The first Neanderthal work of art?

Rock engraving in Gorham's Cave

A study of a rock engraving discovered within Gorham’s Cave in Gibraltar finds that the series of criss-crossed lines cut into stone was likely created by Neanderthals. This would represent Neanderthals’ capacity for abstract expression.

The discovery is a significant shift in our understanding of human development, as Neanderthals had been considered incapable of abstract thought and expression until now.

“Creating paintings or carvings in caves is seen as a cognitive step in human development,” said Prof. Joaquín Rodríguez-Vidal of the University of Huelva – one of the researchers whose study of the cave was published in the Proceedings of the National Academy of Sciences (PNAS) on Monday.

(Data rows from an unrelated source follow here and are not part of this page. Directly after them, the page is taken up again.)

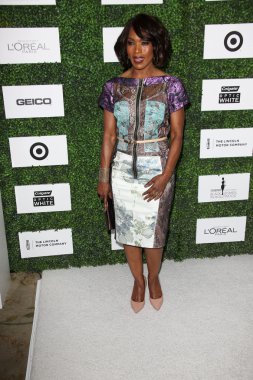 Angela bassett
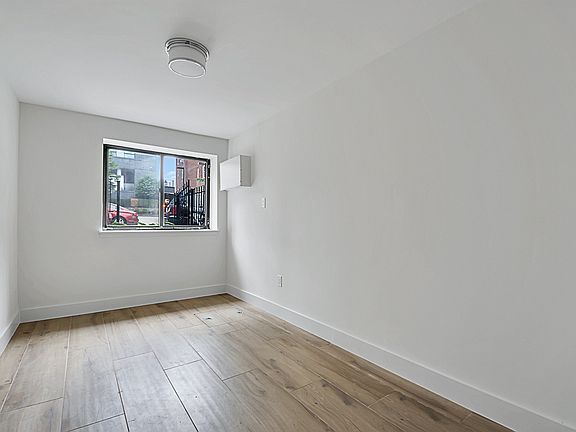 5th image of 3615 Oxford Ave APT 3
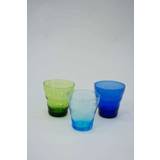 Vandglas i farvet glas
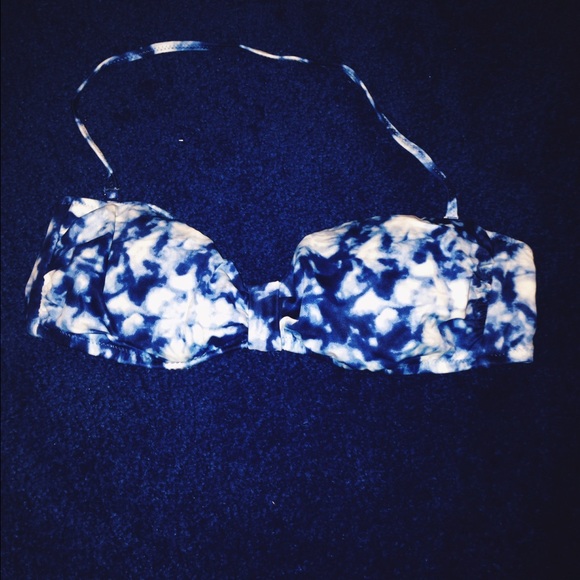 •Victoria secret bikini top•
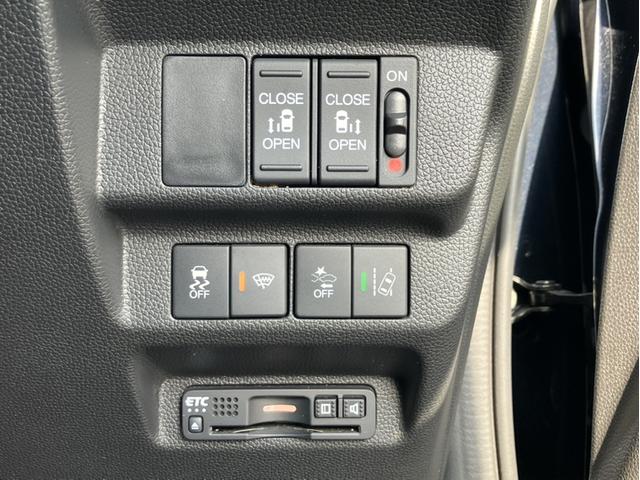 フリード Ｇ・ホンダセンシング　Ｓ・Ｃパケ／Ｇａｔｈｅｒｓ９型ナビ／前後ドラレコ／両側ＰＳＤ／右ハンズフリー／ＥＴＣ／シートヒーター／６人乗り／１オーナー車　Ｆセグ　追突被害軽減ブレーキ　ｉストップ　電格ドアミラー　Ｗエアバッグ（21枚目）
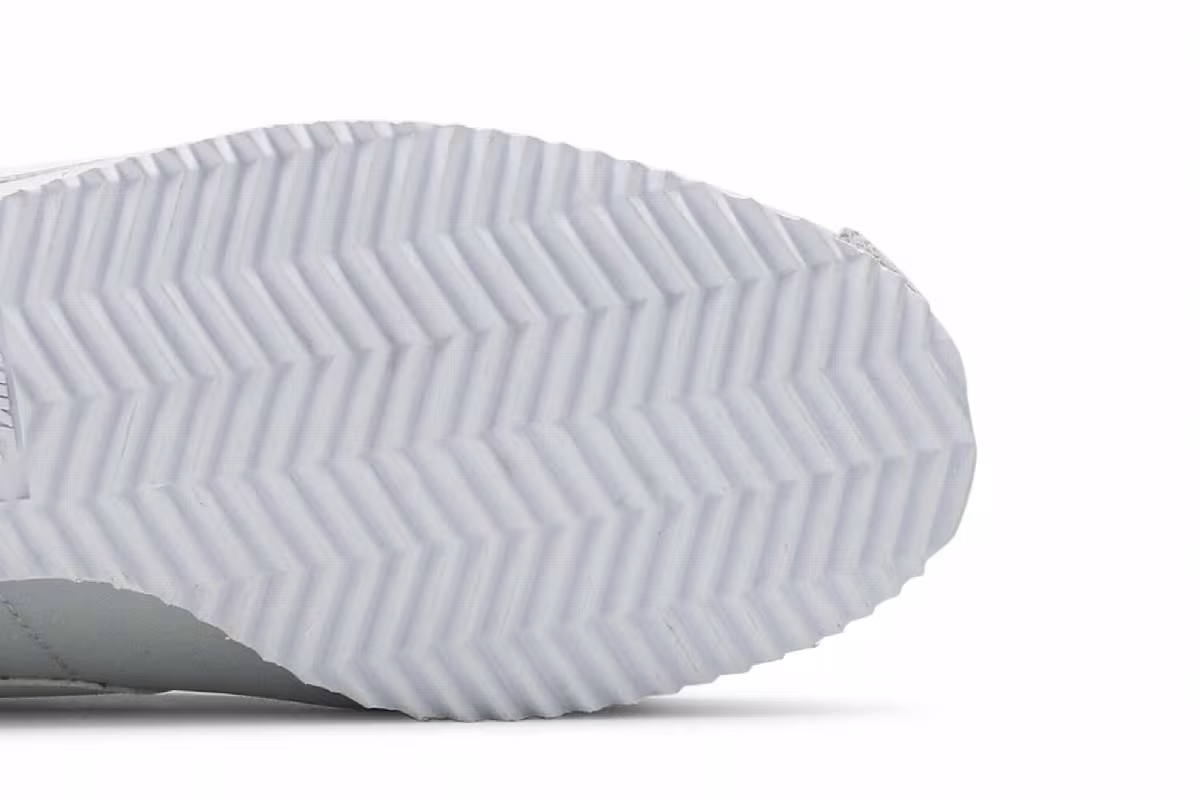 Nike Women's Classic Cortez Nylon Pure Platinum, view 6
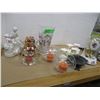 Image 2 : ESTATE:  FLAT C/W MISC ITEMS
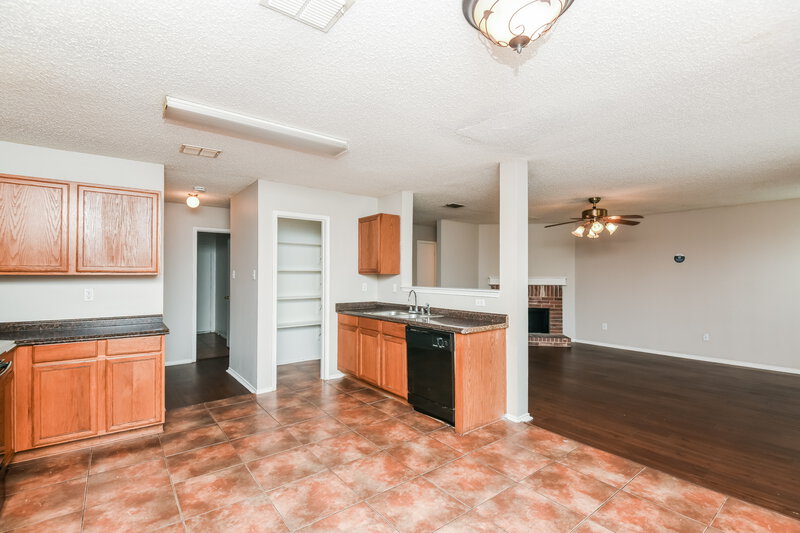 2,370/Mo, 3908 Golden Horn Ln Fort Worth, TX 76123 Kitchen View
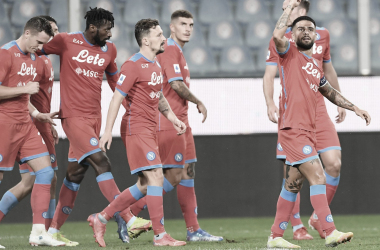 Sem freio! Napoli goleia Sampdoria e segue líder com total aproveitamento no calcio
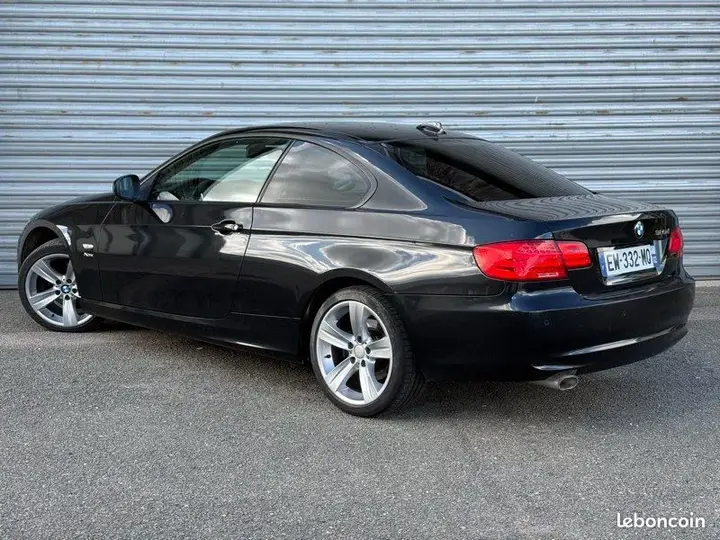 BMW Série 3 2011 photo 3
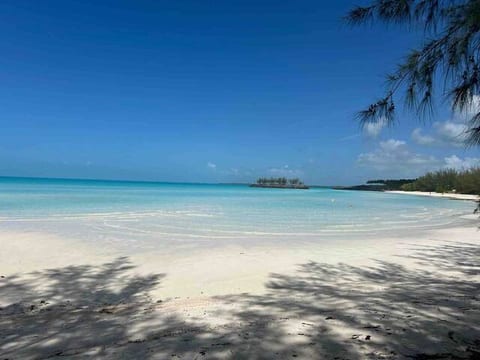Private Beachfront 4BR w/ Kayaks - 10min to Town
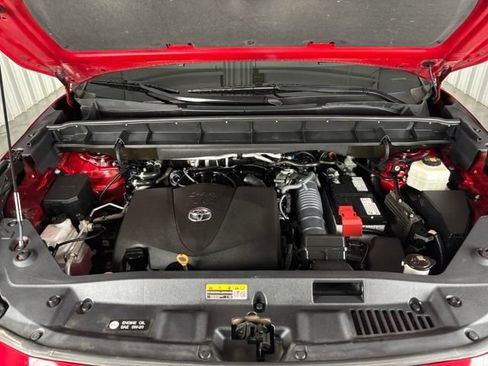 Used 2022 Toyota Highlander XLE FWD image 31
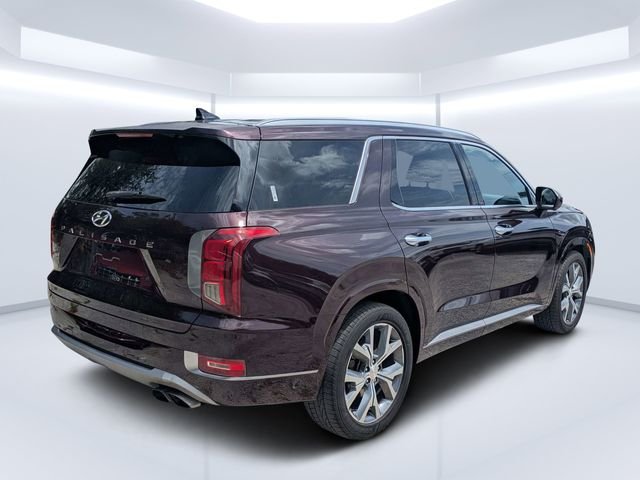 Used 2021 Red Hyundai Limited image 3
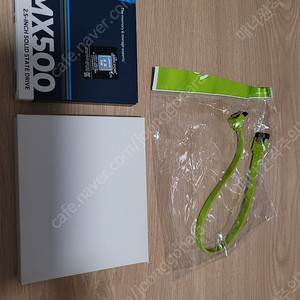 새제품) ssd mx500 250기가 + 악세서리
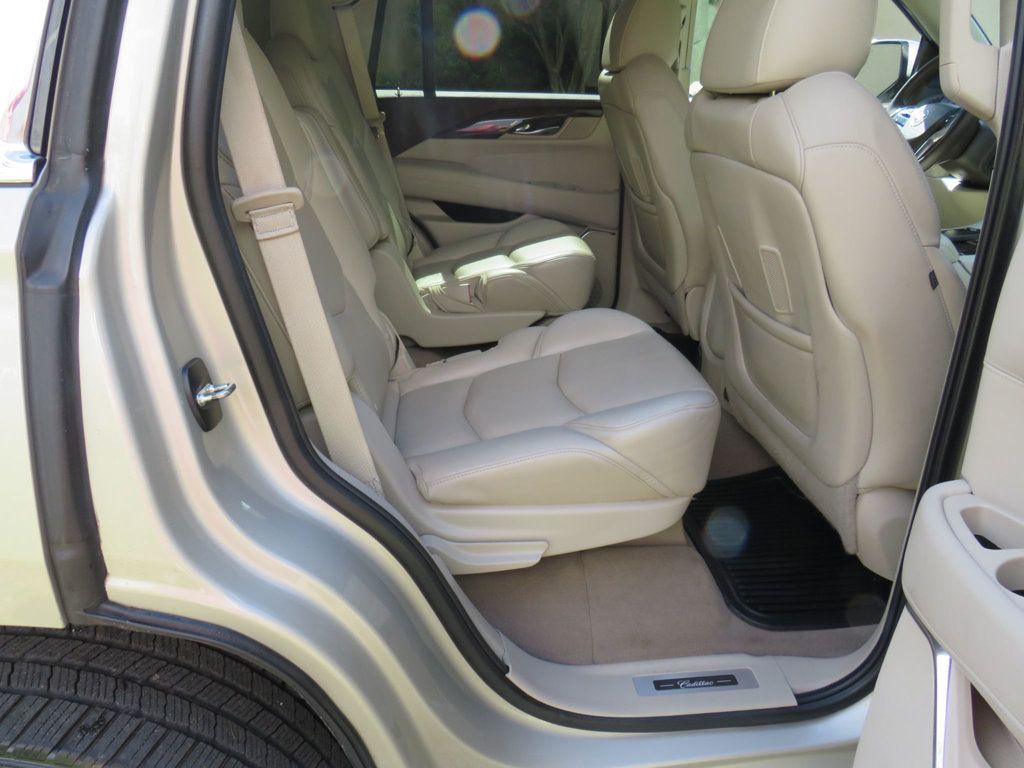 2015 Cadillac Escalade 4WD 4dr Luxury - 22828736 - 10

As this behaviour was considered exclusive to modern humans, who arrived in Western Europe around 40,000 years ago, it has been used as an argument to distinguish our direct ancestors from ancient man, including Neanderthals,” the Professor explained.

There is now ample evidence that Neanderthal intellectual abilities may have been underestimated. Recent finds suggest they intentionally buried their dead, adorned themselves with feathers, painted their bodies with black and red pigments, and consumed a more varied diet than had previously been supposed.

The work, uncovered in 2012 and measuring about 10 sq ft, consists of eight lines cut deep into the rock that is arranged in two groups of three long cuts and two shorter ones. The cross-hatched pattern was overlain by undisturbed sediment in which 294 Neanderthal stone tools had previously been discovered, suggesting that the engraving pre-dated the 39,000-year-old assemblage.

Intentional creation

In order to understand how the markings were made, experimental grooves were made using different tools and cutting actions on blocks of dolomite rock similar to the one at Gorham’s Cave.

The method that best matched the engraving was one in which a pointed tool or cutting edge was carefully and repeatedly inserted into an existing groove and passed along in the same direction. This, the authors argue, would appear to rule out an accidental origin for the design, such as cutting meat or fur on top of the rock.